DESCRIPTION OF THE INVENTION
[0006] The present invention involves an improved continuous process for the production
of a dry, sulfur-free gaseous mixture substantially comprising hydrogen, carbon monoxide,
methane, and with or without carbon dioxide; wherein, said gaseous mixture is suitable
for use as fuel gas or as a process gas for the synthesis of organic chemicals. The
product gas has a mole % CH₄ in the range of about 10 to 80 and a net heating value
in the range of about 200 to 780 BTU per SCF.
[0007] The raw synthesis or fuel gas feed to the process is made by the partial oxidation
of a sulfur-containing hydrocarbonaceous or solid carbonaceous fuel. Any particulate
matter e.g. carbon soot and/or ash entrained in the gas stream leaving the partial
oxidation reaction zone is removed when the gas stream is quench cooled or scrubbed
with water. While any conventional partial oxidation process may be used, the Texaco
partial oxidation process is preferred. For example, reference is made to U.S. Patent
No. 4,081,253, which is incorporated herein by reference.

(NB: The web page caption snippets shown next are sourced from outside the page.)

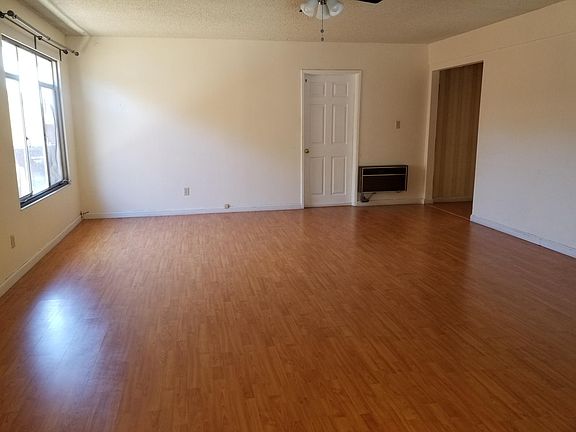 3rd image of 895 Lakewood Dr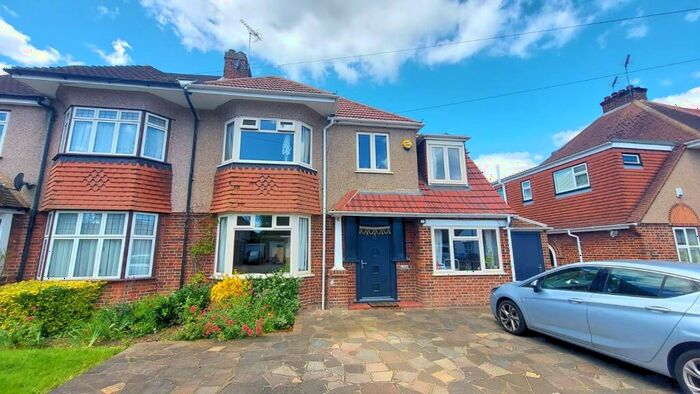 4 Bedroom Semi-Detached House To Rent In Rosecroft Walk, Pinner, Greater London, HA5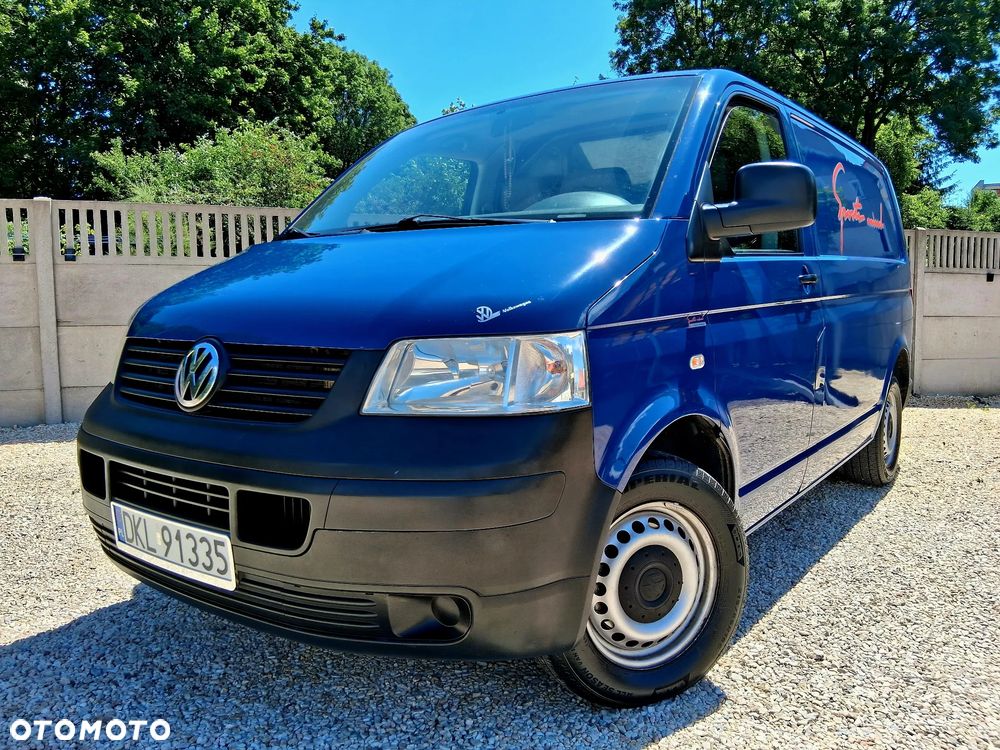 Volkswagen T5 Transporter - 1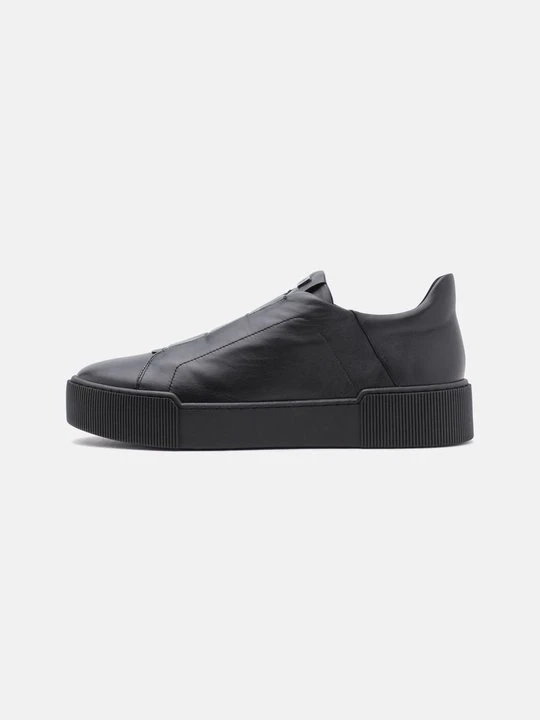 Zdjęcie produktu Sneakersy niskie HÖGL czarny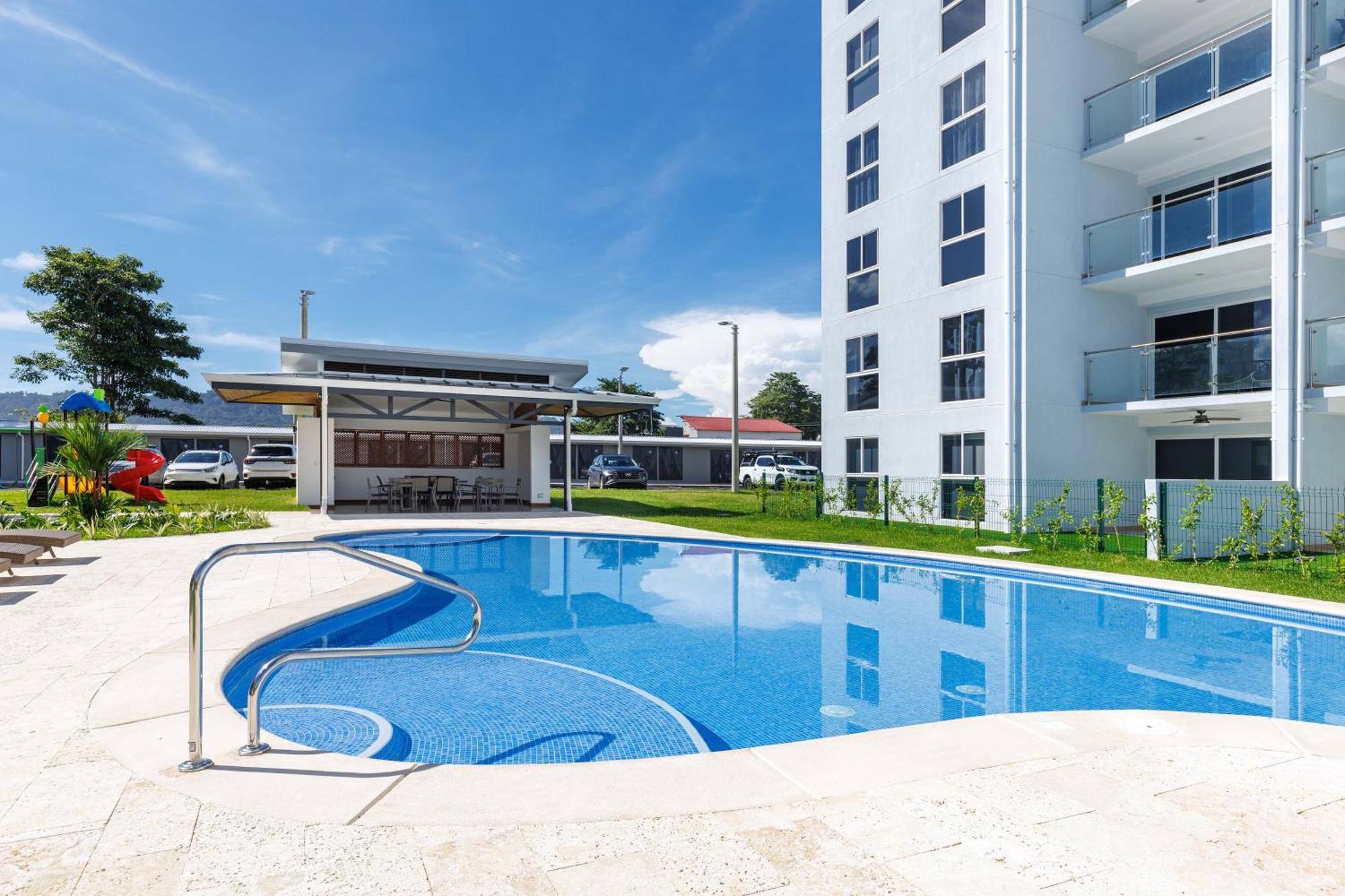 Casago 0702c Brand New Family-friendly Retreat Steps From The *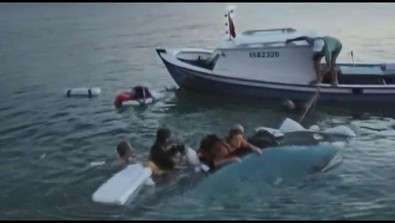 Denizde can pazarı! Tekneleri alabora oldu! - Resim : 2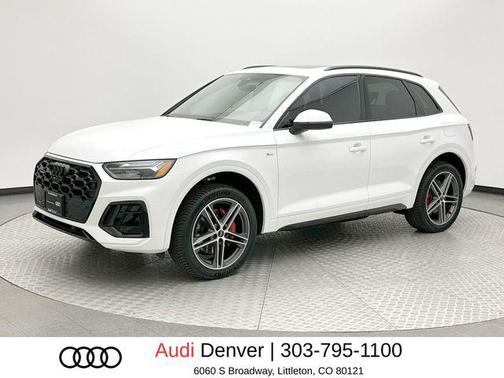 Arkona White 2024 Audi Q5 e 55 S line Premium Plus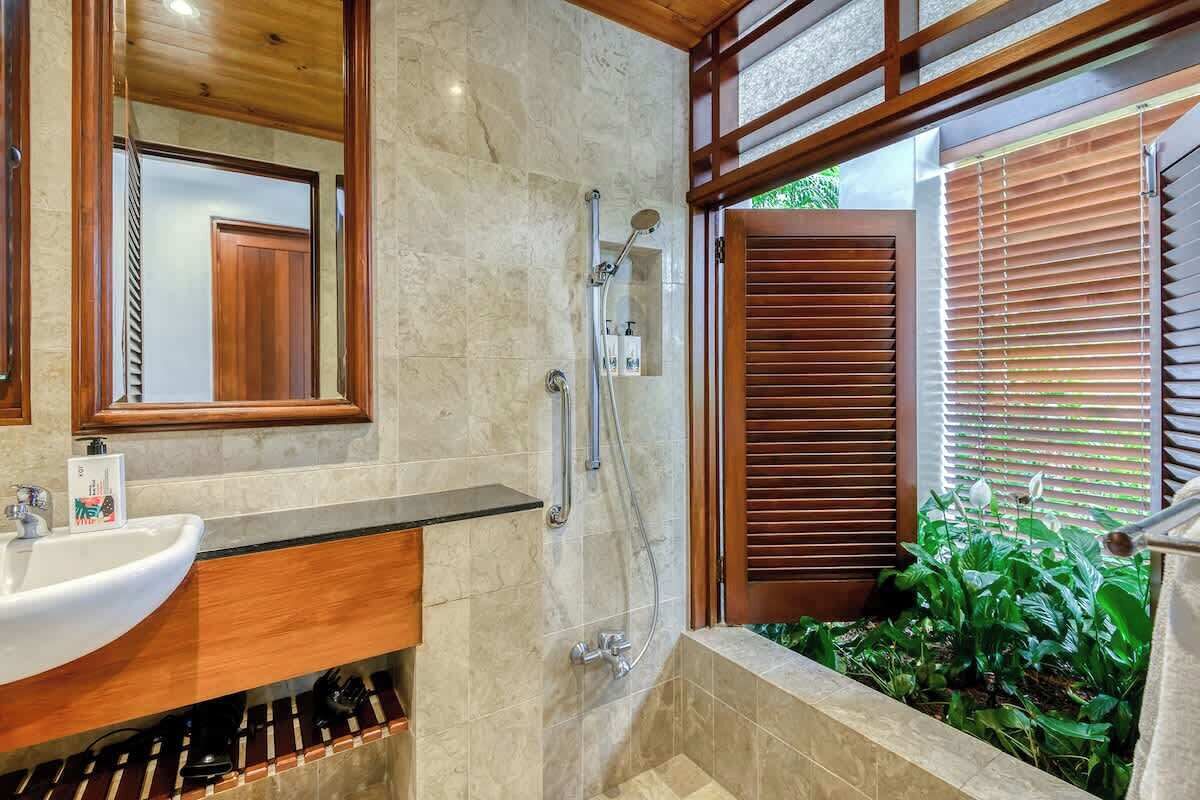 Dusche, kostenlose Toilettenartikel, Haartrockner, Shampoo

[0008] The raw gaseous feedstock for the subject process, also referred to herein as raw
synthesis or fuel gas, has the following composition in mole percent: H₂ 10.0 to 68.0,
CO 15.0 to 60.0, CO₂ 1.0 to 30.0, H₂O 2.0 to 50.0, N₂ nil to 60.0, CH₄ nil to 26.0,
H₂S 0.10 to 20.0, COS 0.10 to 3.0, and A nil to 1.8. If one or more ingredients are
present in high amounts, the remaining ingredients are present in low amounts so that
the total amount of ingredients equals 100 mole %. The net heating value is in the
range of about 75 to 340 BTU/SCF. The temperature of the raw gaseous feedstock is
in the range of about ambient to 700°F, such as about 100°F to 550°F and its pressure
is in the range of about 1 to 200 atmospheres, such as about 3 to 125 atmospheres.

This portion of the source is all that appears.